Collection entries

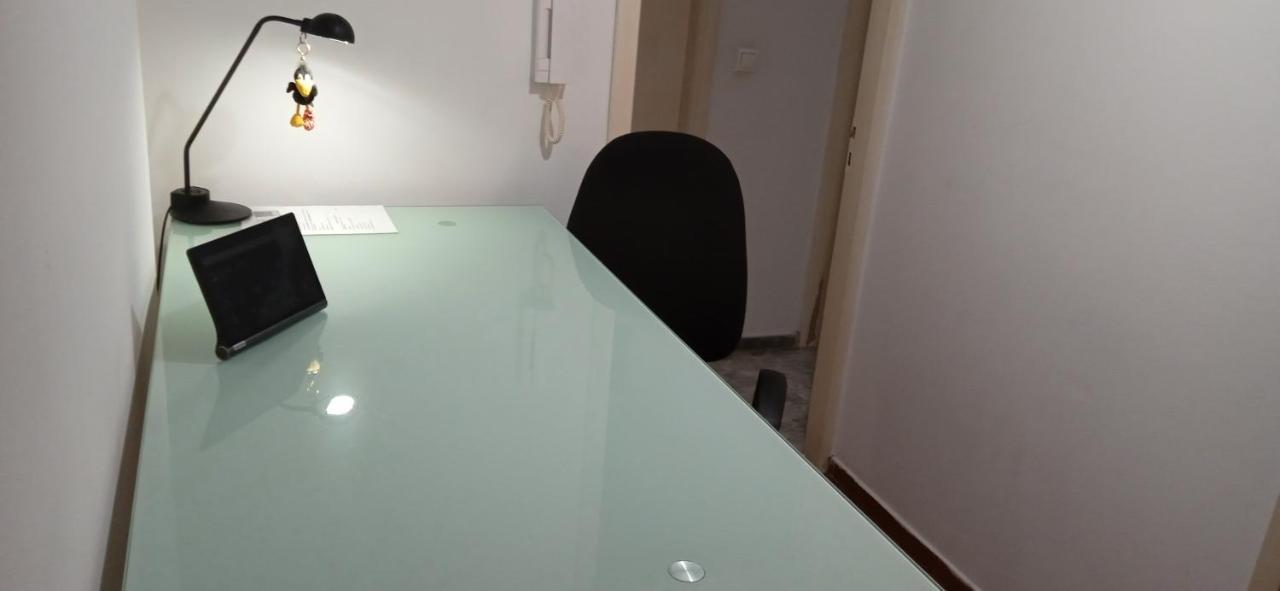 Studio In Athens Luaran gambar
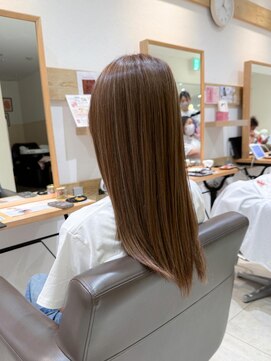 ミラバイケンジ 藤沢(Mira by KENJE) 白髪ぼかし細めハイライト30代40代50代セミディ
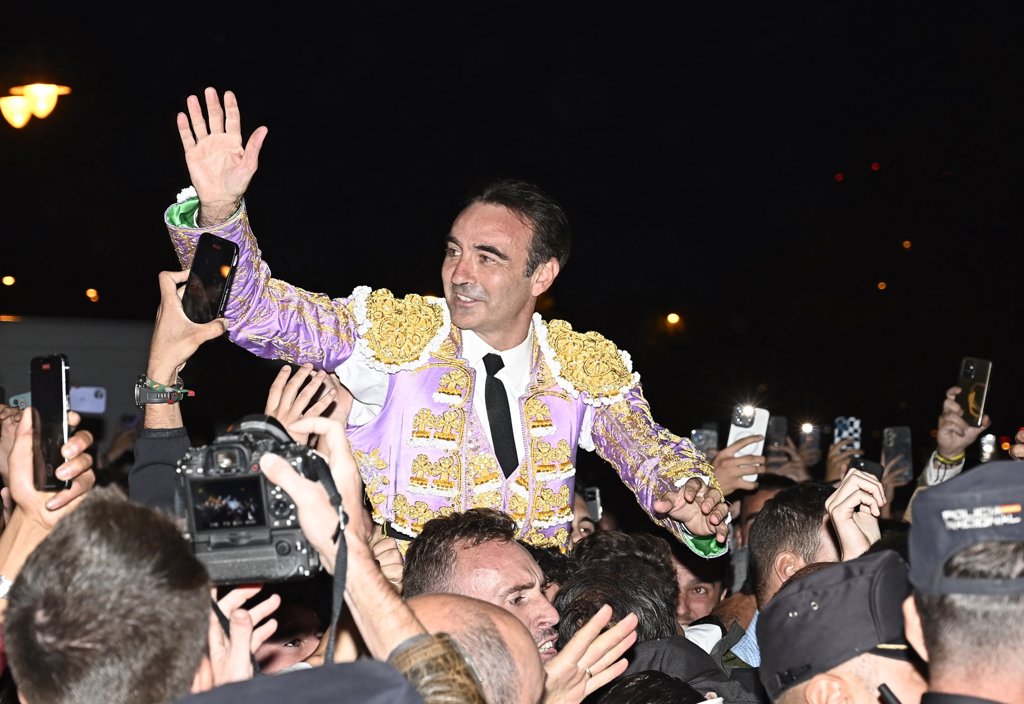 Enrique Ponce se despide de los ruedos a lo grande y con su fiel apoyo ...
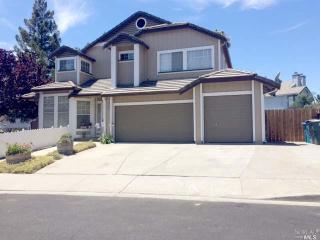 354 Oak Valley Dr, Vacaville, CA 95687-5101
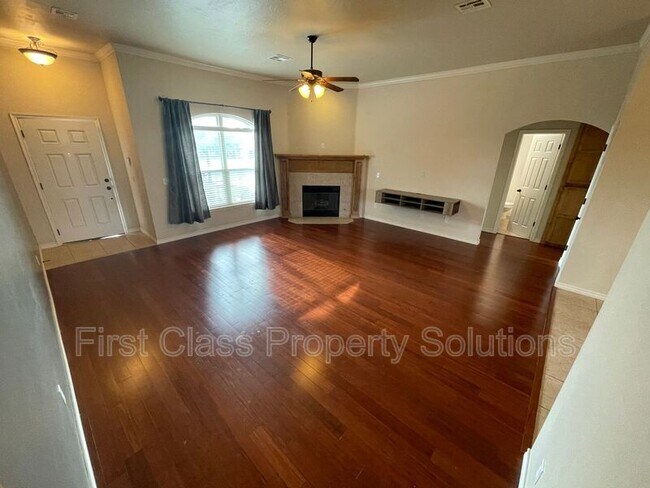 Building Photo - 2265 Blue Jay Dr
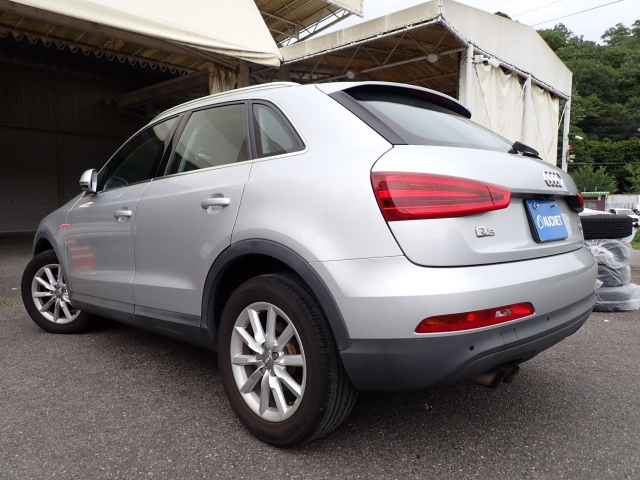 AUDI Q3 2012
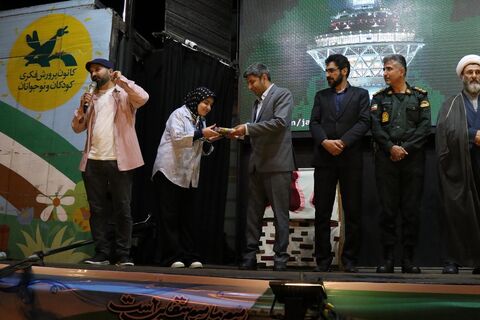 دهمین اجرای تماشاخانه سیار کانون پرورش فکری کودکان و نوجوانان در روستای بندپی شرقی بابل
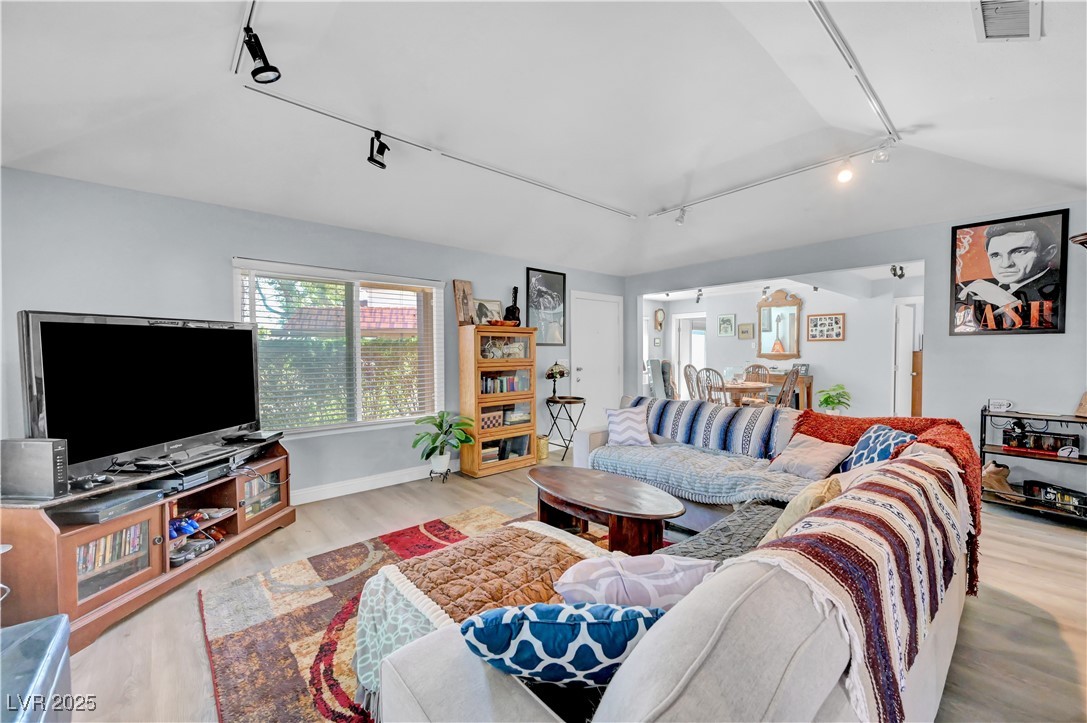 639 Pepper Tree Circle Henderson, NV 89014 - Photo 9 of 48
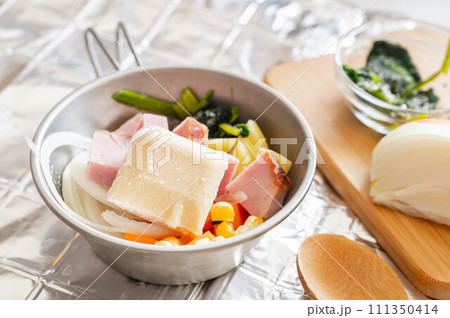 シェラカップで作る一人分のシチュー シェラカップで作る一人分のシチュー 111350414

• [Exercise goal]: Word for word, please reproduce each entry above and leave out every picture.

• [Reply to the task]:
 Studio In Athens Luaran gambar
 ミラバイケンジ 藤沢(Mira by KENJE) 白髪ぼかし細めハイライト30代40代50代セミディ
 Enrique Ponce se despide de los ruedos a lo grande y con su fiel apoyo ...
 354 Oak Valley Dr, Vacaville, CA 95687-5101
 Building Photo - 2265 Blue Jay Dr
 AUDI Q3 2012
 دهمین اجرای تماشاخانه سیار کانون پرورش فکری کودکان و نوجوانان در روستای بندپی شرقی بابل
 639 Pepper Tree Circle Henderson, NV 89014 - Photo 9 of 48
 シェラカップで作る一人分のシチュー シェラカップで作る一人分のシチュー 111350414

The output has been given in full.